Assignment:
Would you write out the lines below exactly, from the one containing "Funny Cute Puppy" to the very last, but without the pictures?

........

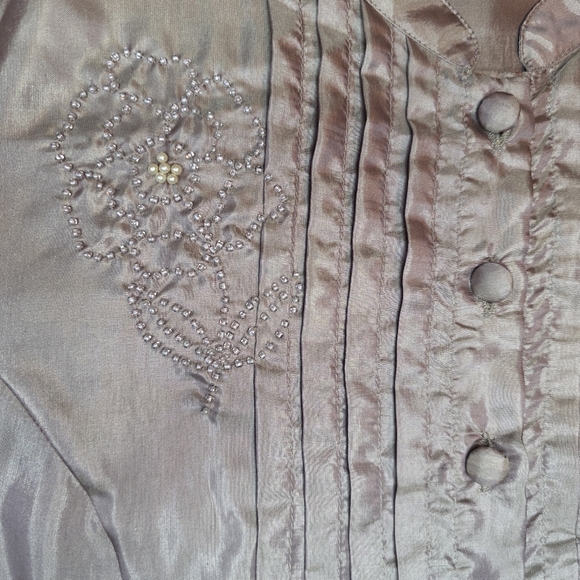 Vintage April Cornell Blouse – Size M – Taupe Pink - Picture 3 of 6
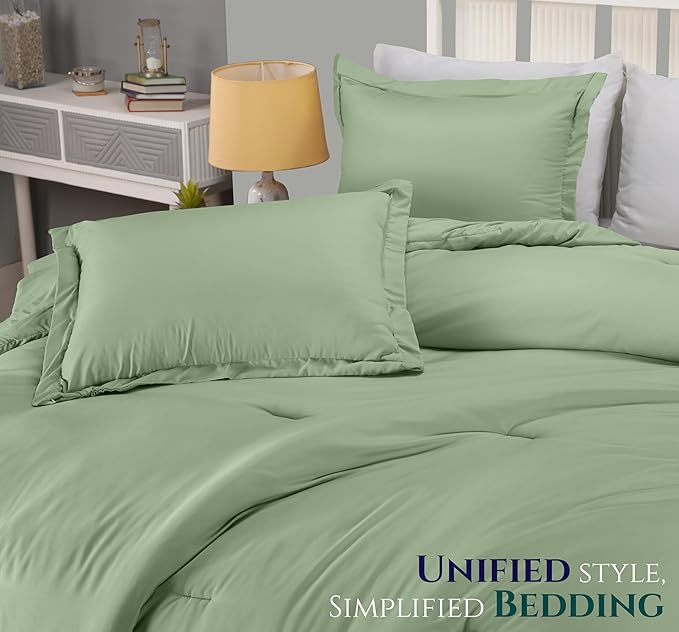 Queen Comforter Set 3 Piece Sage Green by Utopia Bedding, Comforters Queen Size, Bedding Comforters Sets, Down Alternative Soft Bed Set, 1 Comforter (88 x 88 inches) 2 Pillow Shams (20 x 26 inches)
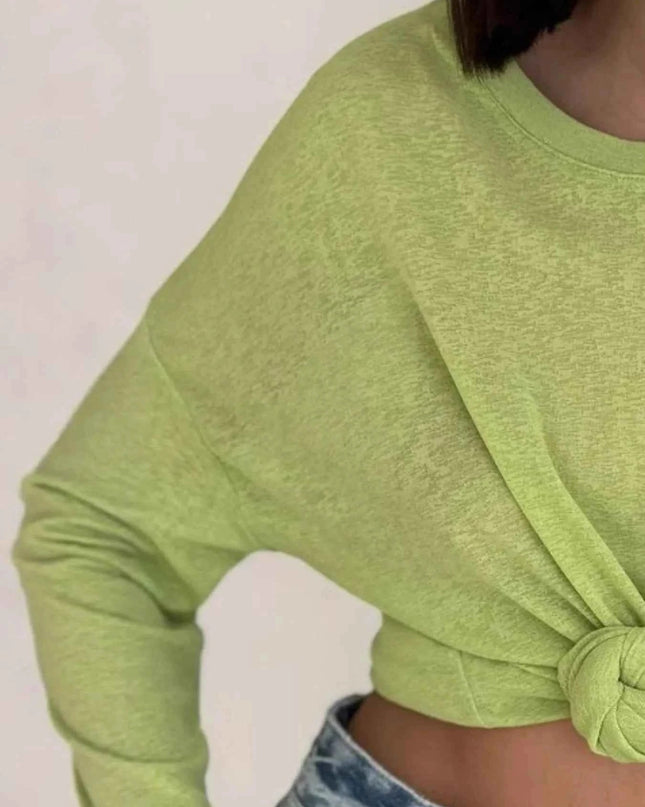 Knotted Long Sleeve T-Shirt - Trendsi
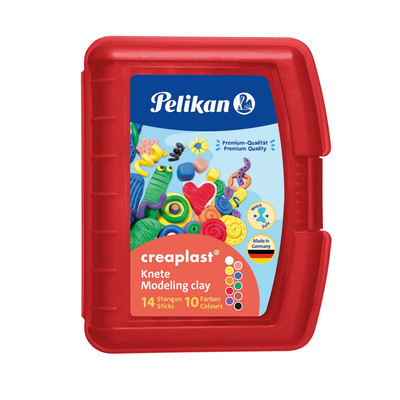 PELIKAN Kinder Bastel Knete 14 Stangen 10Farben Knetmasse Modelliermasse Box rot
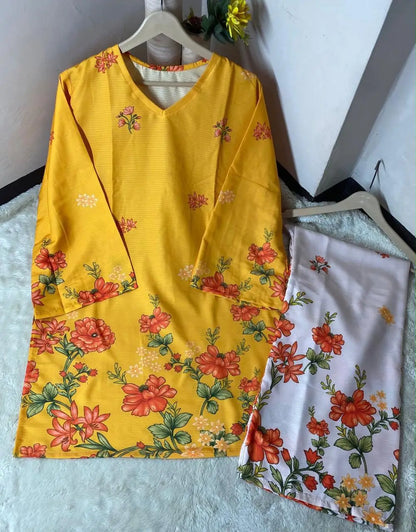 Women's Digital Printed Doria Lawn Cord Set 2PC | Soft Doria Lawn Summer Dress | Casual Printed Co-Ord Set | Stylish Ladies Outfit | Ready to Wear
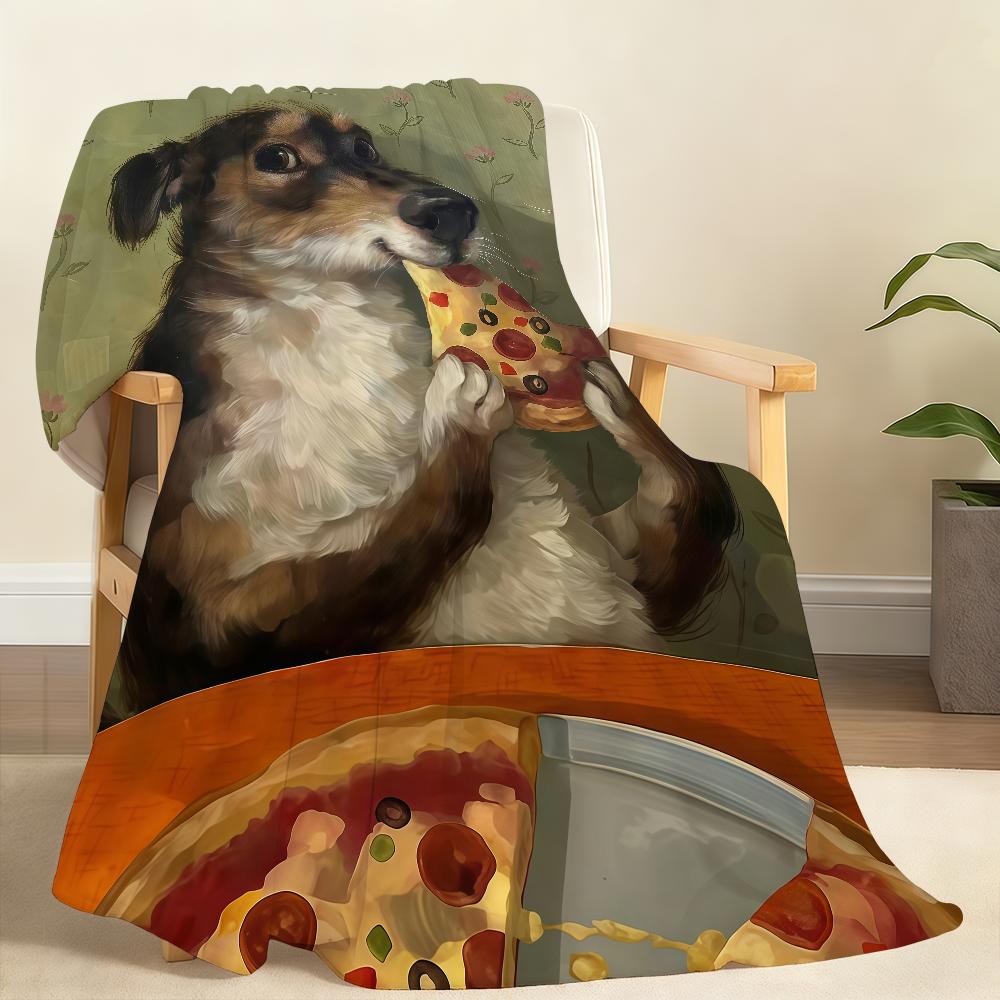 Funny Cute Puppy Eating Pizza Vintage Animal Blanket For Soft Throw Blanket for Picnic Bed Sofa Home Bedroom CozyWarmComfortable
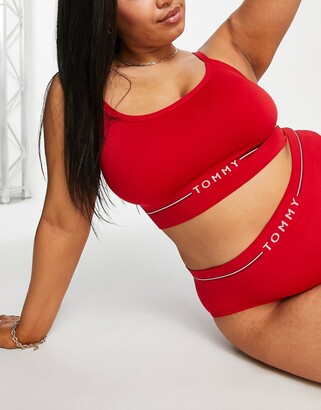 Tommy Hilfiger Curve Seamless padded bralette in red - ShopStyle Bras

........

Result for this task:
 Funny Cute Puppy Eating Pizza Vintage Animal Blanket For Soft Throw Blanket for Picnic Bed Sofa Home Bedroom CozyWarmComfortable
 Tommy Hilfiger Curve Seamless padded bralette in red - ShopStyle Bras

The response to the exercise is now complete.